The Web provides access to large data sources which are not explicitly organized as databases. Instead, the information is presented as semistructured data. In contrast to integrating classical distributed databases, integration of such data raises several new problems such as schema discovery, wrapping and reorganizing the data sources and coping which changes in autonomous sources.

The project started in 1997 at Freiburg University: The FLORID system has been used for extraction and integration of semistructured data from the Web.

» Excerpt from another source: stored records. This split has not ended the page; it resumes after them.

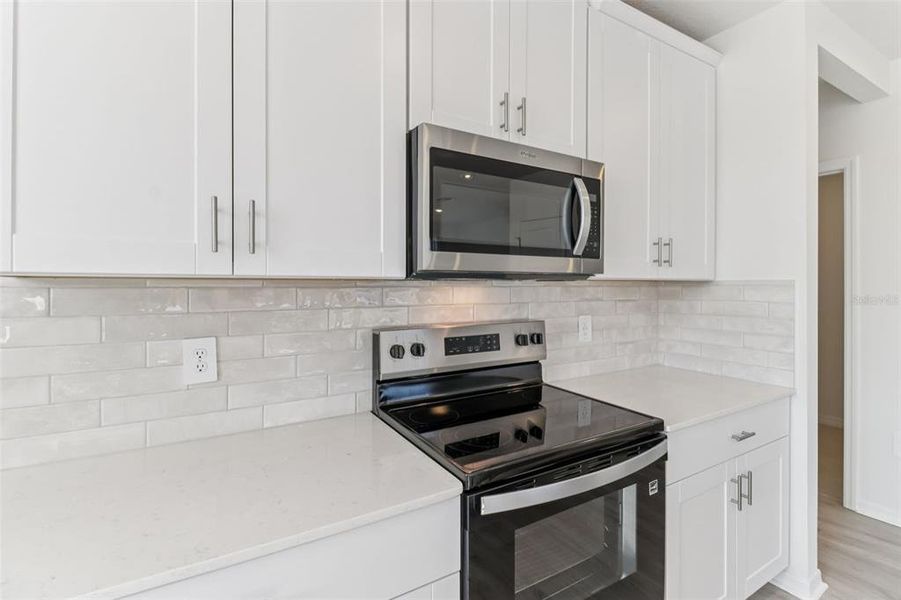 Furnished interior view inside a new home in The Reserve at Hammock Oaks Townes, Lady Lake (Image 10).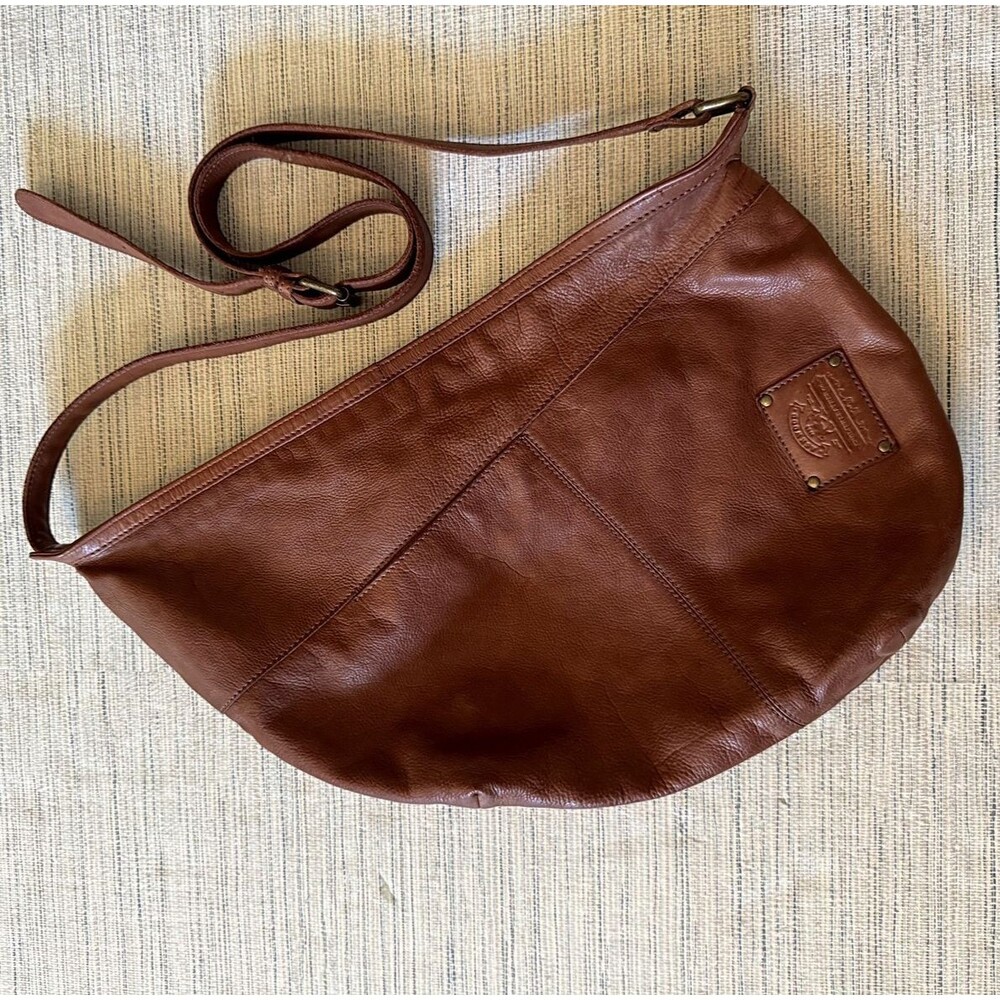 Ashwood leather sling bag — brown cognac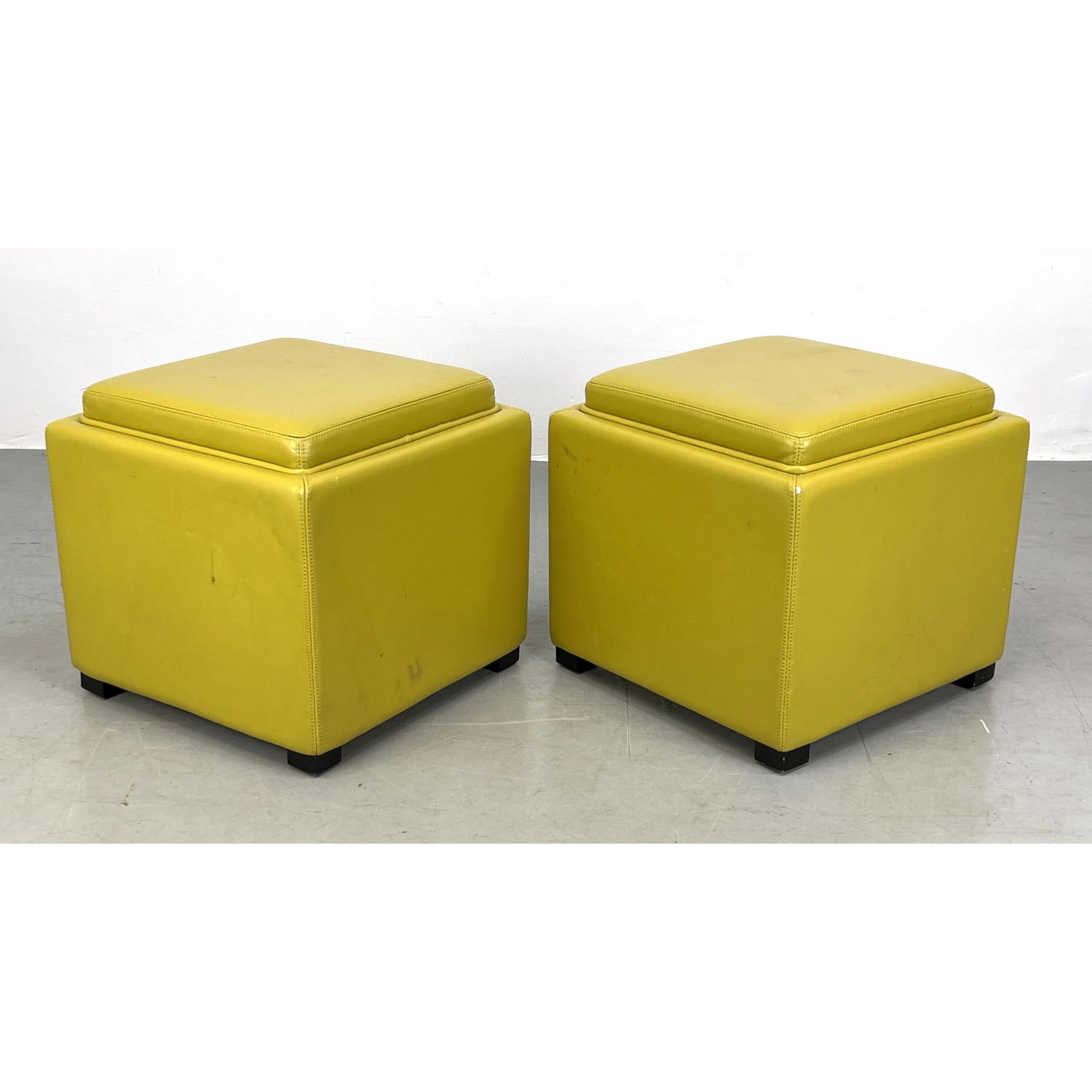 Appraisal: Pr Yellow Vinyl Storage Stools Ottoman Top is reversible from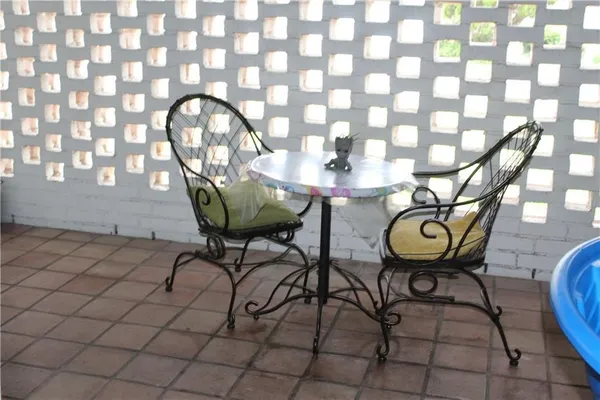 a view of entryway with table and chairs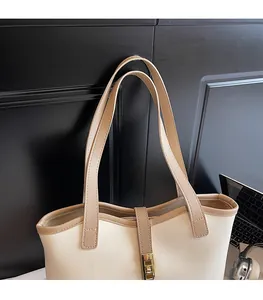 Detail of crossbody bag featuring dual shoulder straps and a golden rectangular clasp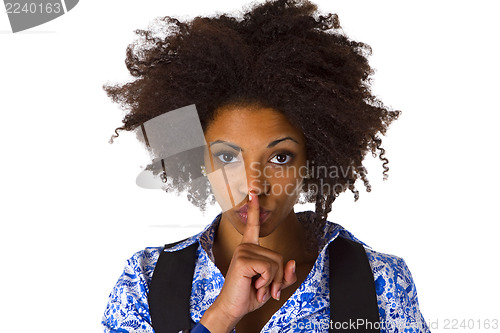 Image of Young afro american saying shhh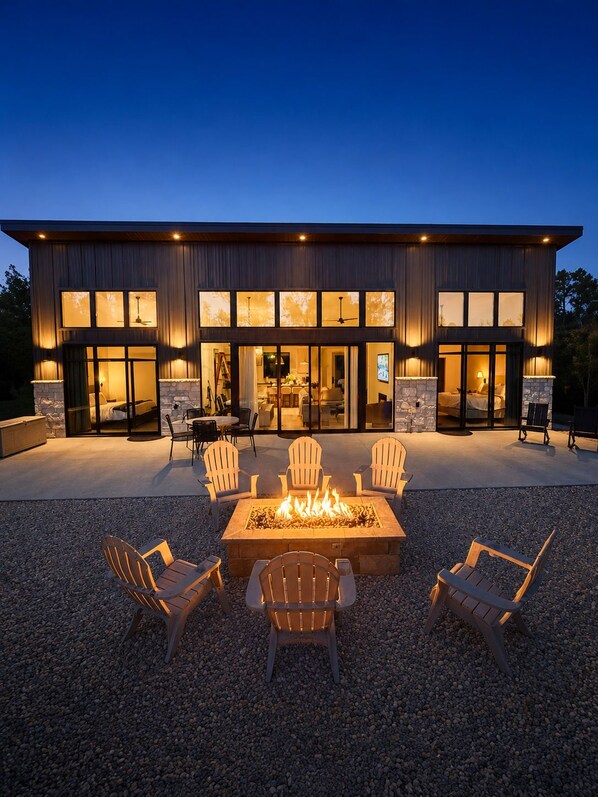 A modern two-story building with a fire pit and outdoor seating.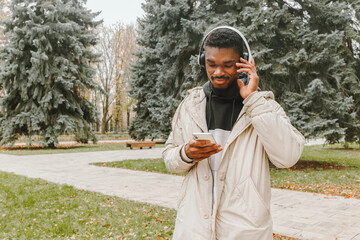 Handsome black man in headphones searching songs in playlist over park background. Smiling guy in warm casual clothes with wireless earphones walking on autumn day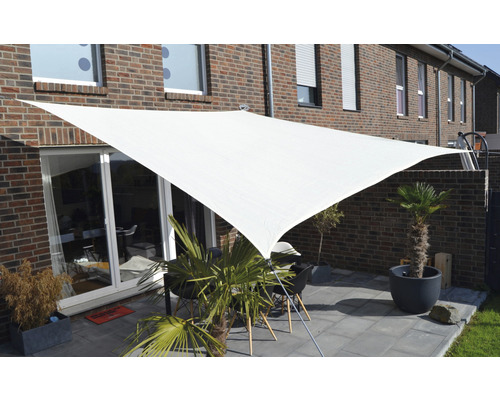 Terrasse avec voile d''ombrage triangulaire et mobilier de jardin devant une maison en briques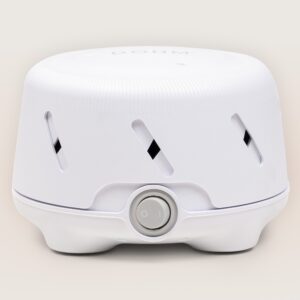 Front view of Dohm Uno white noise machine showcasing single dial power switch and ventilation slots on neutral background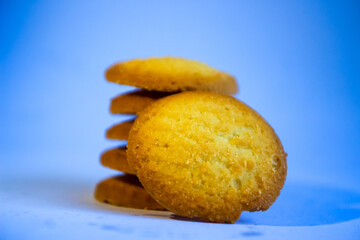 Danish butter cookies, stack of golden chocolate butter cookies isolated on white background, sweet pastry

In 1997-1999, the FLORID system has been extended with Web access capabilities (Versions 2.x). A methodology for wrapping and integrating HTML pages by mapping the information into an integrated F-Logic data model representing both the structure of the data sources and containing an application/level model of the information has been developed. HTML pages are wrapped using generic rules for the usual structuring means (i.e., lists, tables, comma-lists, emphasized keywords). The MONDIAL case study documents the practicability of the approach.

In 2000, FLORID has been extended to FloXML with special functionality for handling XML data (XML/DTD parsing, metadata provided by DTDs and XMLSchema, XML export functionality).

The Experiences with F-Logic and FLORID have been incorporated into the LoPiX (Logic Programming in XML) project (2000 - 2003), dealing with integration of XML data.